About a week ago the United States Court of Appeals for the DC Circuit told a lower court that it was wrong to dismiss out of hand and must reconsider a claim "whether the Due Process Clause [of the U.S. Constitution] protects the right of terminally ill patients to decide, without FDA interference, to assume the risks of using potentially life-saving investigational new drugs that the FDA has yet to approve . . ." See Abigail Alliance for Better Access to Developmental Drugs v. FDA. The opinion is filled with qualifiers, as it must be given the state of constitutional law in this area, but it is instructive for just that reason and nonetheless remarkable.

Since roughly the Progressive Era, the principle of liberty has been under direct attack by those who have largely succeeded in gutting the Constitution's due process clauses.

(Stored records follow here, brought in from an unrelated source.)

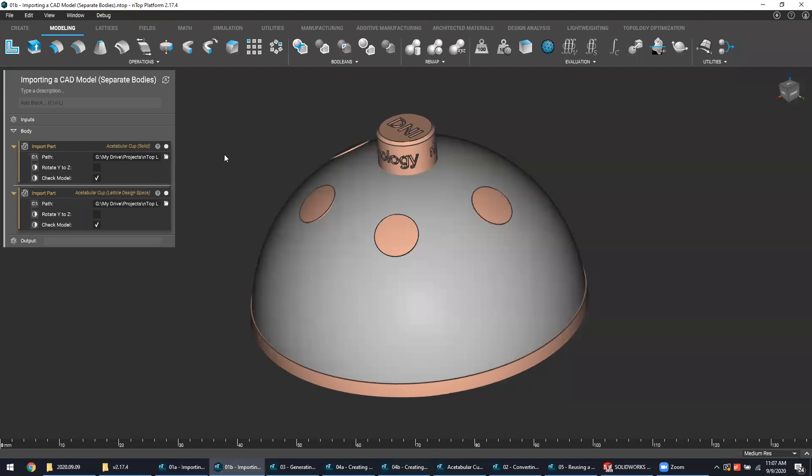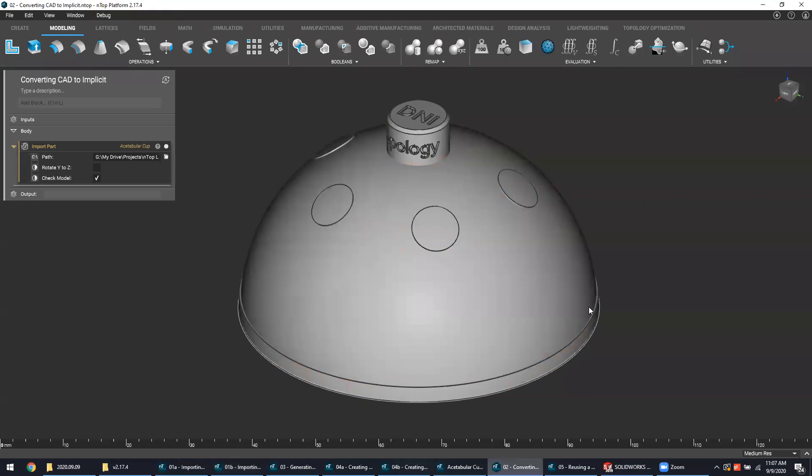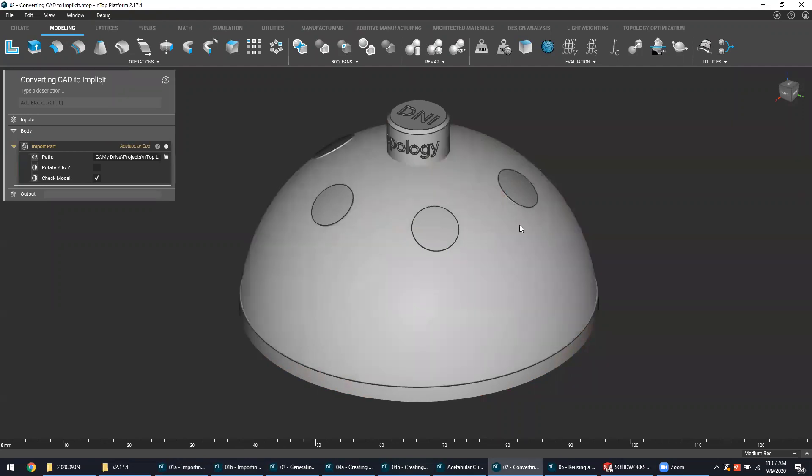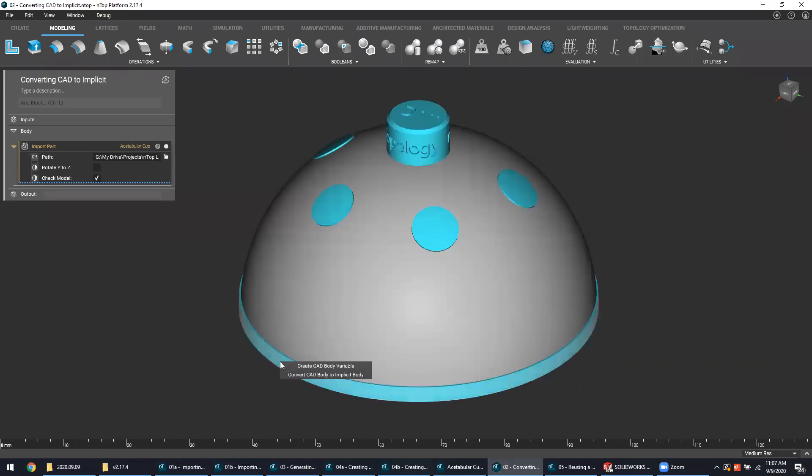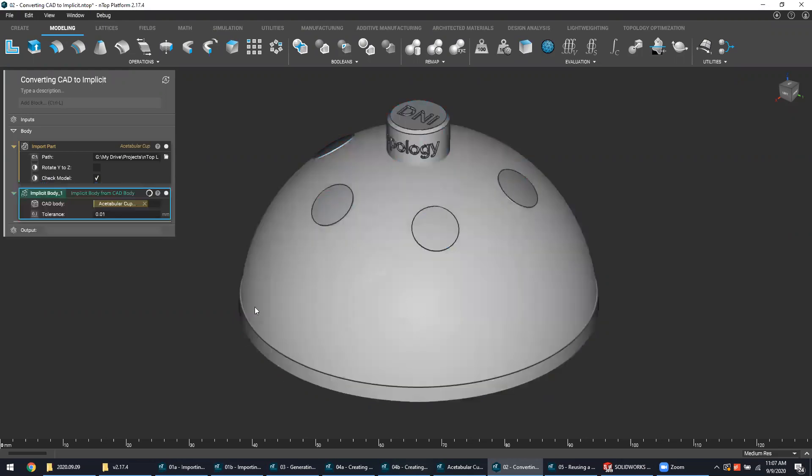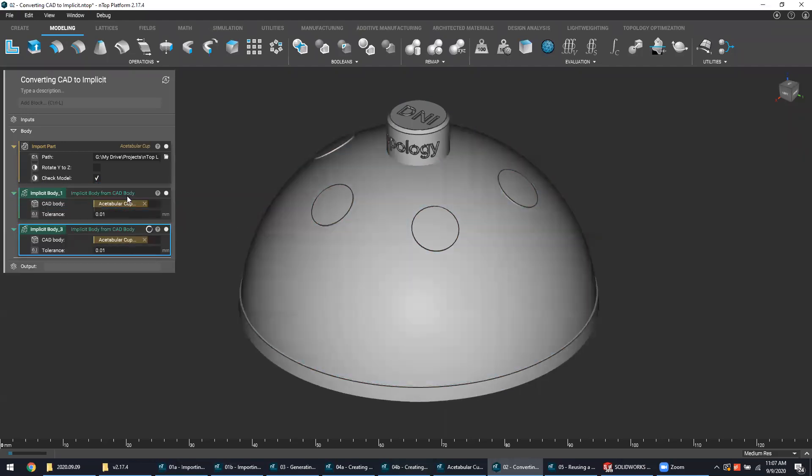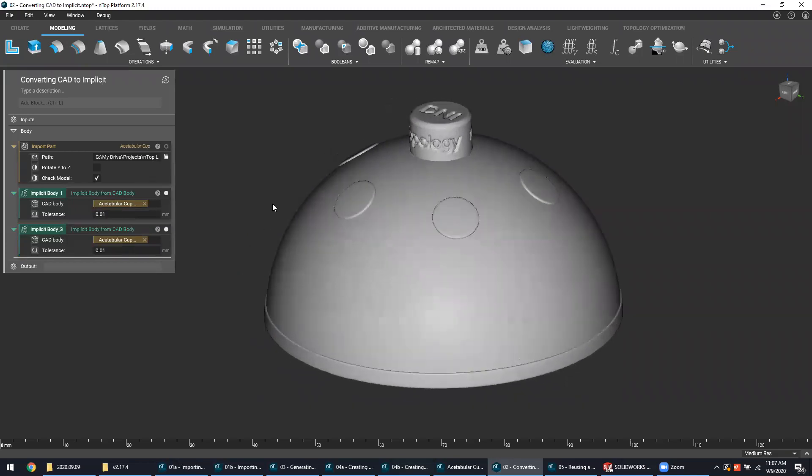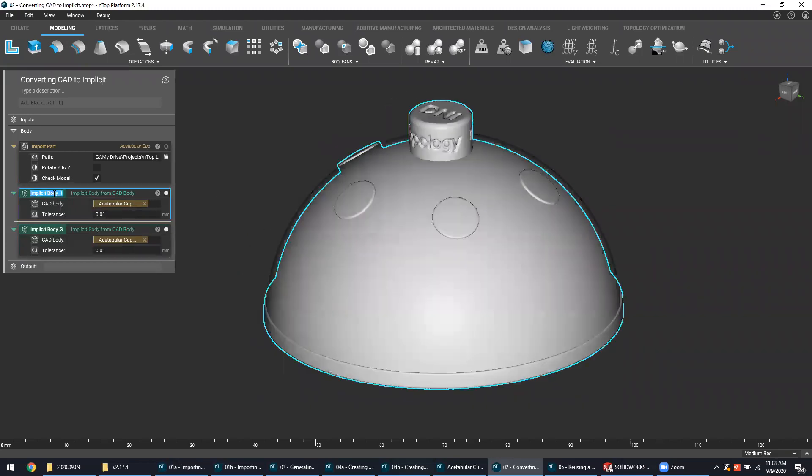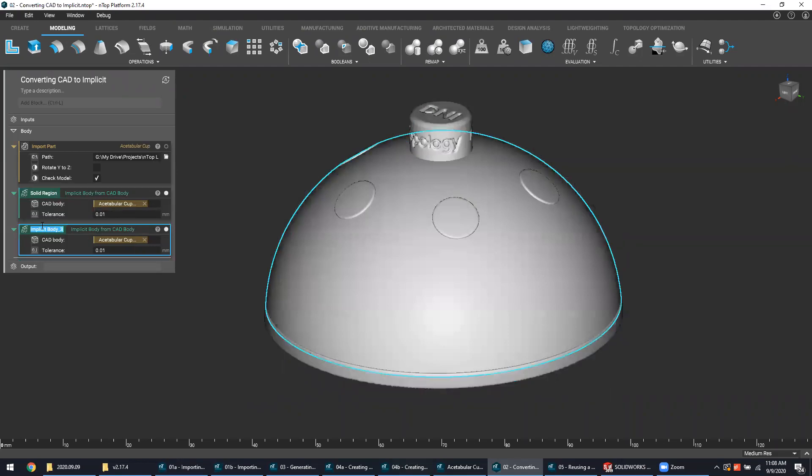As you may have heard, NTOP platform is a fast and powerful design solution because it leverages implicit design technology, and thus represents the geometry as an implicit body. Because there are two imported CAD bodies here, the next step would be to convert those to implicit, and that can be easily done by double clicking on each body, right clicking them, and then choosing the convert CAD body to implicit body option in this menu. With each selection and conversion, you can see that the new green blocks appear, each representing their respective converted implicit bodies. For good housekeeping, we're going to rename them as such: we'll call this our solid region and this our lattice design region.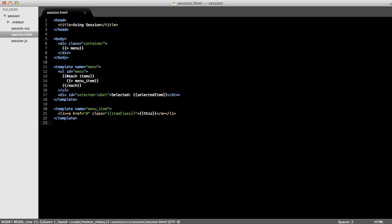And I'm going to cut and paste in some HTML that I have already written. And it's very straightforward. In the body, we have a container which then renders a menu template. And within our menu template, we have an unordered list. And we use the each method of handlebars to iterate over an items collection, which we'll define in a second. And for each item, we're going to render a menu item template. And then you can see on line 17 that we have a div for the selected label. So let's jump over to the JavaScript and take a look.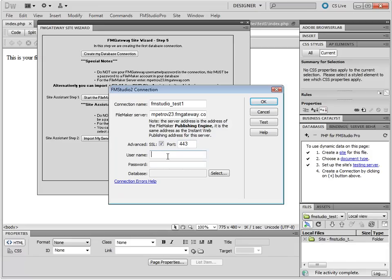It asks you for the username and password. Now, please note, the username and password here are for the web user inside of your database. This is not your FM Gateway username and password. As you can see here, it says do not use your FM Gateway username and password.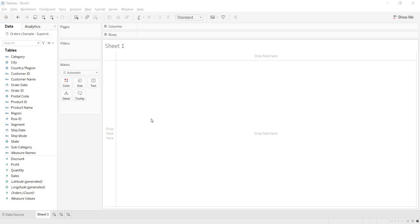Hi guys, welcome to my channel Raipati Tableau. My name is Kalpana Raipati.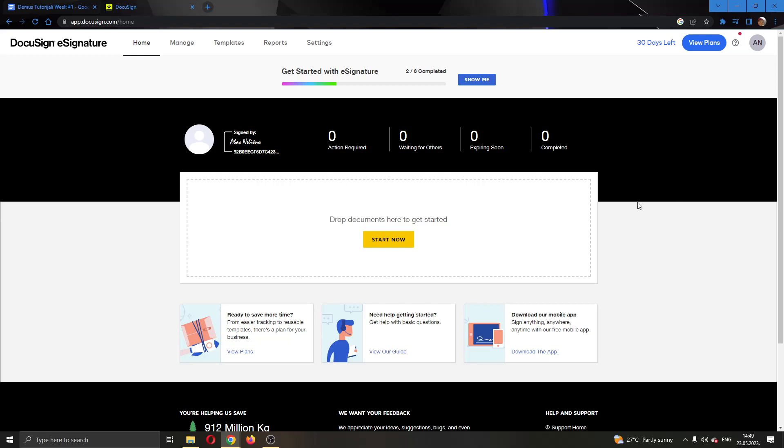The first thing you want to do is open up the official DocuSign.com website if you haven't already and log in to your account.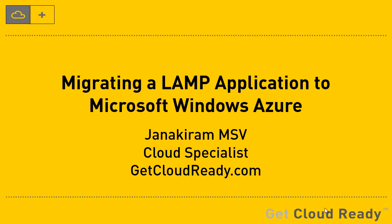Hi, this is Janakiram. This is a screencast showing you how to migrate a LAMP application to Microsoft Windows Azure.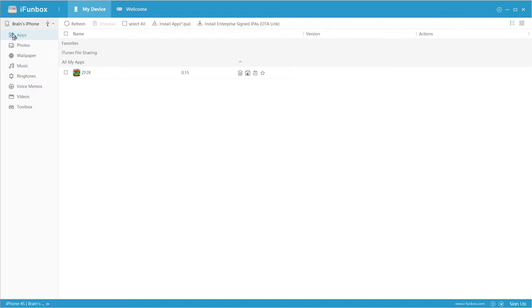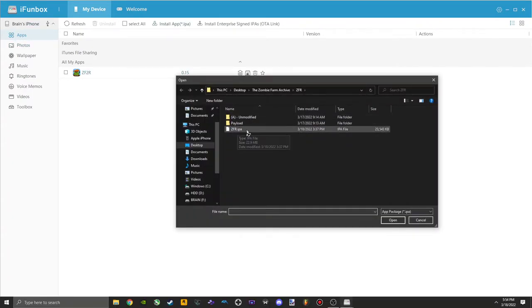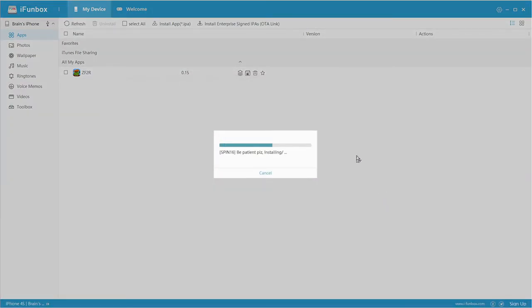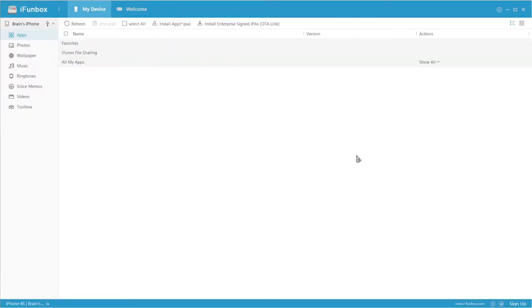Now head on over to the Apps section, click the Install App button, and select the IPA you've downloaded. Have a little bit of patience and give it a moment, and assuming you meet the aforementioned criteria, within about 15 to 20 seconds the app should install to your device successfully. That's it — you're ready to play.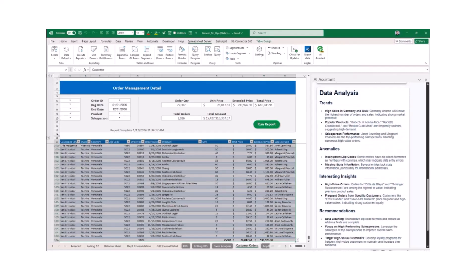With the AI Assistant in Spreadsheet Server, you have a powerful ally to enhance your productivity and data analysis capabilities. Try it out today and experience the difference.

Previously, the U.S. Supreme Court understood the Constitution's guarantee of "due process" to protect individuals against legislative acts that were not enacted in furtherance of legitimate governmental purposes, but were mere acts of force wielded at the behest of majority vote. In the 1874 case of Loan Association v. Topeka, for instance, the Court wrote that:

"[T]here are...rights in every free government beyond the control of the State."

"There are limitations on such power which grow out of the essential nature of all free governments....No court, for instance, would hesitate to declare void a statute which enacted that A. and B. who were husband and wife to each other should be so no longer, but that A. should thereafter be the husband of C., and B. the wife of D. Or which should enact that the homestead now owned by A. should no longer be his, but should henceforth be the property of B...."

"To lay with one hand the power of the government on the property of the citizen, and with the other to bestow it upon favored individuals to aid private enterprises and build up private fortunes, is none the less a robbery because it is done under the forms of law.... This is not legislation. It is a decree under legislative forms."

The legal doctrine of "substantive due process" embodied the idea that laws violating certain pre-political, moral rights, which establish the purposes of government, may not be upheld, regardless of whether they were enacted with all the right procedures in place. Today the phrase is almost an epithet in many judicial and academic circles because the judiciary has largely institutionalized the view that "due process" does not properly speak to substantive limits on the content of legislation. As the Supreme Court reminded us just last term in the controversial Kelo v. New London eminent domain case, today the government most certainly is able "to lay with one hand the power of the government on the property of the citizen, and with the other to bestow it upon favored individuals," assuming that before doing so the legislature makes a determination that it will result in some public benefit.

And so it is worth some note that an appellate court has said "[d]espite the FDA's claims to the contrary . . . it cannot be said that government control of access to potentially life-saving medication 'is now firmly ingrained in our understanding of the appropriate role of government' so as to overturn the long-standing tradition of the right of self-preservation.'" It may be difficult for non-lawyers to grasp that this watered down statement is an unusually straightforward defense of the principle of liberty, particularly if one reads the opinion and sees how much more water is spilled. But it may help to consider the thorough confidence of the dissent, which argues that by allowing a lower court to even hear a case on this subject—presenting the most minimal risk to the FDA's total control over what drugs terminally ill individuals may ingest—the Court has engaged in judicial subjectivism and invented a new individual right "deduced [not from law, but] from abstract concepts of personal autonomy."

For terminally ill patients to decide solely on their own what drugs they should take ignores the "intense and complicated scientific and moral debates about how best to regulate new drugs" and, according to the dissent, is an affront to the "particular balance already struck by Congress and the Executive." The right thing to do, under the law as understood by the dissent—which in my estimation is more representative of the majority of judicial opinion—is for these patients to place their faith in democracy, "in which the voices of votes allied with these respondents may one day be heard in the halls of Congress."

The DC Circuit has said, haltingly, "No," at least not in this case.